Senate Approves Five Bills for Implementation of Single Market


The Senate on Friday (December 17), sanctioned five Bills, which will enable Jamaica to participate in the first phase of the Caribbean Single Market and Economy (CSME), scheduled for implementation on January 1, 2005.
Justice Minister and Attorney General, Senator A.J. Nicholson who piloted the Bills, said their passing fulfilled Jamaica’s commitment to early implementation of the Single Market, a decision also taken by Trinidad and Tobago and Barbados. The remaining member states are set to implement their CSME regulations by December 2005.
The five Bills – ‘The Caribbean Community Establishment, Services, Capital and Movement of Community Nationals Act 2004’, ‘The Professional Engineers Registration Act’, ‘The Diplomatic Immunities and Privileges Act’, ‘The Architect Registration Act’ and the Foreign Nationals and Commonwealth Citizens (Employment) Act’ – speak to the free movement of goods, capital and people.
They also address the right of CARICOM nationals to establish businesses anywhere in the Caribbean, and the movement of certain categories of professionals and workers within the single market space.
The Single Economy is distinct from the Single Market. It is concerned with the co-ordination of trade and economic policies, with implementation set for December 31, 2007.
Senator Nicholson noted that the CSME represented an extension of the Jamaican domestic economy. The arrangement allows for the movement of nationals within five categories, namely University graduates, media practitioners, sports persons, artistes and musicians. Short term specialized service providers, such as consultants, will also be able to move freely. Over time, work permit requirements for these categories will be eliminated.
The Attorney General said already, work has begun on the establishment of mechanisms for certifying and establishing equivalency of degrees and certificates. A regional accreditation unit is to be created to manage the exercise.
In the meantime, The Caribbean Community Establishment, Services, Capital and Movement of Community Nationals Act 2004, gives effect to the right of nationals within CARICOM to establish businesses, provide services and move capital into and within Jamaica as well as outside the country and within the Community.
The Professional Engineers Registration Act will allow CARICOM nationals who are professional engineers, to be registered to practise engineering in Jamaica on the same basis as Jamaican citizens. It would also allow the Professional Engineers Registration Board in Jamaica to accept relevant work experience in any CARICOM country or any CARICOM member state as qualifying an applicant for registration.
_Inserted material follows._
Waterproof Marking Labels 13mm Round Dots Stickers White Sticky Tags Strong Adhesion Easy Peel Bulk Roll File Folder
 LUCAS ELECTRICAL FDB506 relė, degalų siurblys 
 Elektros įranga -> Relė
The Diplomatic Immunities and Privileges Act seeks to extend the privileges and immunities granted to persons under the current law to individuals who will be functioning as a result of the establishment of the Caribbean Court of Justice (CCJ) and international judicial institutions subject to the discretion of the relevant Minister.
Persons on whom these particular immunities will now be conferred include judges, registrars, prosecutors, counsels, plaintiffs, defendants, witnesses, experts and victims appearing before an institution referred to in section 7 of the Act, which now will apply to the CCJ and other related judicial bodies.
Meanwhile, the amended Architects Registration Act removes the restrictions on the registration of citizens of other CARICOM member states as architects, discontinue the practice of registering organizations as architects and increase the penalties for unlawful practice of architecture and other breaches.
With modifications to the Foreign Nationals and Commonwealth Citizens (Employment) Act, Caribbean Community nationals no longer fall under the definition of ‘foreign national’.
Members of the Opposition, while noting that they understood the need for the legislation, questioned the country’s state of readiness to accede to theJanuary 1 deadline. They argued that appropriate systems to enable the smooth initiation of the mechanism would have to be put in place if the accession was to be successful, while calling on government members to address concerns where fiscal matters were concerned.
The full mechanism, the CSME is expected to begin operation in 2008.
A combination of 84 legislative and policy measures are to be effected by each country before the CSME can come on stream. Jamaica has so far completed 34.